Here at Kotaku, we run all sorts of stories. Video game news and reviews, culture stories, stories about Japan, stories about the history of video games, funny posts about snack foods. But no matter what stories we're running, there seems to be a consensus out there in Internetland: "Kotaku commenters are the worst."
I've been writing here full-time for almost six months, and I have to say, I don't believe this to be true at all.
I'm not just saying that to curry favor, either! Our commenters are passionate, intense, and dedicated. Some of them are a little bit crazy. Some of them are a lot crazy. Sometimes, there is vociferous disagreement with what an author has chosen to write, as with, say, my kinda different review of Deus Ex: Human Revolution. And it must be said that every now and then, the threads get straight-up appalling, as in this feature about Felicia Day.
So, I could see how someone could jump to conclusions about our commenters. Just today, Penny Arcade's Jerry Holkins, in opining about our recent addition of the games-only Kotaku Core feed, referred to some of our commenters as "Feral."
Fair enough. But every time I post or repost a piece that is progressive or challenging, my twitter feed fills with friends and allies complaining endlessly about the awfulness of our commenters. Not some of them, as Holkins did, but all of them. There even exists a Chrome Extension called "Commentless Kotaku," which blocks comments on all of our posts. Presumably because they are so irresistibly terrible that people would rather put on blinders than even be tempted to read them.
Part of this may be due to the way our "featured comments" work. If you don't have a Kotaku account, the first comment you will see on a given post is the "featured" one. We editors don't directly choose which comment gets featured—it's whichever one has the most responses. That means that on a controversial post, the most baiting or trollish comments become featured, usually due to a huge number of people voicing disagreement with the comment in question.

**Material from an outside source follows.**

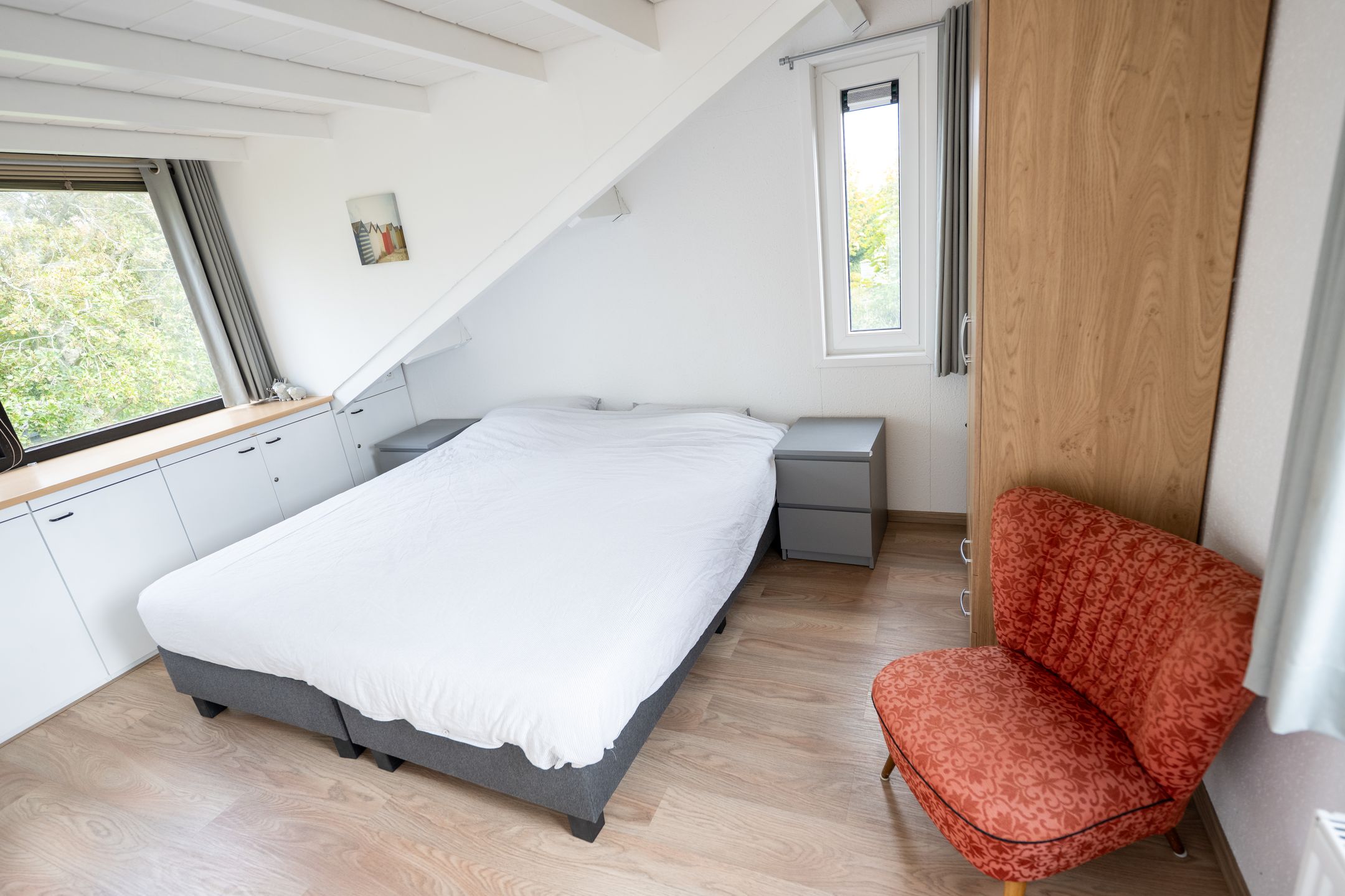 Photo 24 of Roggeslootweg 255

The featured comment is rarely illustrative of what's actually going on in the thread—to get a sense of that, you have to click "all" down in the "view comments" tab.
If you do that you'll see that yes, we get trolls, and overly mean self-styled comedians, and conspiracy-theory spouting weirdos, and folks who are convinced that we're a bunch of amateurs (we are not) who are on the take (we are not). But those types of commenters are the exception, not the rule, and in and around them are hundreds of people just… writing what they think. Don't believe me? Here, I'll show you.
Just today, we ran a guest editorial from Denis Farr following-up on his "This Gaymer's Story" post we ran a while back. It talked about the word "faggot" and why he believes the word is not okay. Both of his stories were highly personal, and invited abuse from commenters. The post went up and like clockwork, I saw people in my feed and elsewhere complaining about how awful the comments were.
I've read all of these comments, however, and just as with Denis' first piece, I was struck by how many were even-handed, positive, and thoughtful. And of those who disagreed with his points, the vast majority were equally thoughtful. Whom I agree with is beside the point—any way you look at it, this is not a bunch of slavering, feral assholes.
There were plenty of comments that agreed with Farr's points:
I get really tired of the way people harass anyone they think is in the minority, or is different from themselves.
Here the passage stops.